She turned his face this way and that and the master painter did not mind in the least. A true artist, he respected her dedication to her art. In fact, he began to doodle to make the shoot realistic and the result was a brilliant self-portrait, minimalist, gaunt, bold, very Paritosh Sen. 

Brilliance was certainly something you’d expect from Paritosh Sen, born into the family of a Dhaka Ayurved in 1918. Sen’s childhood was charmed, in the land of verdure. That was probably when Nature made its first and most profound impact on him because I could never get over the respect he gave to creatures big and small, from a crow to a goat. He observed insects, animals, birds and took in their colour, gait, eccentricities and even their expressions that make up their distinct personality.

By the time he was done with school, Paritosh was convinced about art. He ran away from home to join the Madras Art School headed by the legendary Devi Prosad Roy Chowdhury, graduating from there in 1939. That is where he met and interacted with students who later turned art stalwarts like KCS. Panicker, Prodosh Dasgupta and Gopal Ghosh.

In 1943, he and his friends formed the Calcutta Group, to reflect contemporary reality and shed the stereotype of the Bengal School. This was also the time when printing technology was opening up fascinating aspects of European modern art for art students in distant Kolkata and works like the Third Class Compartment are proof of the European influence on the artist in Asia. In 1949, Sen left for Europe. 

In Paris, he studied the history of painting at Andre Lhote’s school, Academie Grand Chaumier, Ecole des Beaux Arts and Ecole des Louvre, returning to a new home in post independence India, Kolkata, in 1954.

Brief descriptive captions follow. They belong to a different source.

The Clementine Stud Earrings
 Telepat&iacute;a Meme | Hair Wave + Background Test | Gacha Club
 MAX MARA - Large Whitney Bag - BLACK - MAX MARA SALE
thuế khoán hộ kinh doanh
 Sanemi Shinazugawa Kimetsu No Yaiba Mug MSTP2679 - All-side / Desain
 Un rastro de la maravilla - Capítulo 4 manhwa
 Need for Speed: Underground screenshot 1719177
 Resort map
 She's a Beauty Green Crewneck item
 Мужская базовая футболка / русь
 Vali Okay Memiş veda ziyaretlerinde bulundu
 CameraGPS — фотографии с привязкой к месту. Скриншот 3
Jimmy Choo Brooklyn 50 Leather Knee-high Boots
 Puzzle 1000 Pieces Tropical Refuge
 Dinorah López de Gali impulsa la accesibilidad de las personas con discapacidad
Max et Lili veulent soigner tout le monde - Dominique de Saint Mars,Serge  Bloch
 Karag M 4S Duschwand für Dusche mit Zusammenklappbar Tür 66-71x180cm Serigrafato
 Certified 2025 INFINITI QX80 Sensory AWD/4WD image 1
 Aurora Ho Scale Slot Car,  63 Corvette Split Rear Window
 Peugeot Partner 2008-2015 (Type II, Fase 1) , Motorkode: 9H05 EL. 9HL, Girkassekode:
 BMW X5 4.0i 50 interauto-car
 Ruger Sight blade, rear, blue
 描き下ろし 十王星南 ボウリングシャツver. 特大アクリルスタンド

He joined the School of Printing Technology as professor of design and layout. In 1960, he earned a rare honour when he was appointed by the French government to design Bengali typography based on the script of Rabindranath Tagore. That explains his interest in calligraphy.

In the early 1970s, he received the Rockefeller Grant and went to New York. Widely travelled, he was amongst the very few young Indian artists to have had the opportunity to meet and spend time with great modern masters of our time, like Pablo Picasso and Brancusi, experiences which deeply influenced him.

This period saw the emergence of a bolder Sen, where both line and colour were pure and from the heart. Consider, The Bird Seller and Boy Floating Paper Boats, for shades of Picasso’s obvious inspiration.

A retrospective and introspective artist, Paritosh Sen was a brilliant teacher. In 1981-82, he was Artist-in-Residence at Maryland Institute of Art, Baltimore and was invited by the National Institute of Design at Ahmedabad to be an artist-in-residence in 1985 where he taught illustration. Earlier, he worked as an art teacher at Daly College, Indore, for 10 years. From 1956 to 1979, he taught at the Regional Institute of Printing Technology, Jadavpur.

With such varied experiences and exposure, Sen’s style changed several times. From the stylised to the voluminous, expressionist figures, he traversed a long way. Sen was not just one of India’s most prominent and highly-valued artists but an eminent art scholar who has written and debated extensively in leading English and Bengali journals and at art gatherings. In 1986, he wrote and illustrated a story in English, published by NID, Ahmedabad.

In 1998, a biographical film, One Day in the Life of a Celebrity, was broadcast on Doordarshan, Kolkata. He was a simple man, evident from his book, A Tree in my Village where the hero is a gigantic Arjuna tree, while the other players are the birds and other animals that had made it their home.

The illustrations are also by Paritosh Sen. His observation of minute detail is acute and made without any malice, whether it be the ants on the Arjuna tree or the resident ghost. Of all the influence Sen’s work has undergone, the earliest was the folk art simplicity, the rural touch and the women with “slit potol” eyes of the Bengal School. A thinking and intelligent artist, he was never a slave to inspiration.

Instead, he went beyond it to leave his own signature. His early work was certainly inspired by the life he saw around him, whether it was Bengal Village and Watering a Tulsi Plant or the rather obvious Bengali Wedding Scene, to which he gave a twist with somber colours. Mughal miniatures fascinated him for a while, specially in their fine detailing, something to which he had not been exposed to as a child.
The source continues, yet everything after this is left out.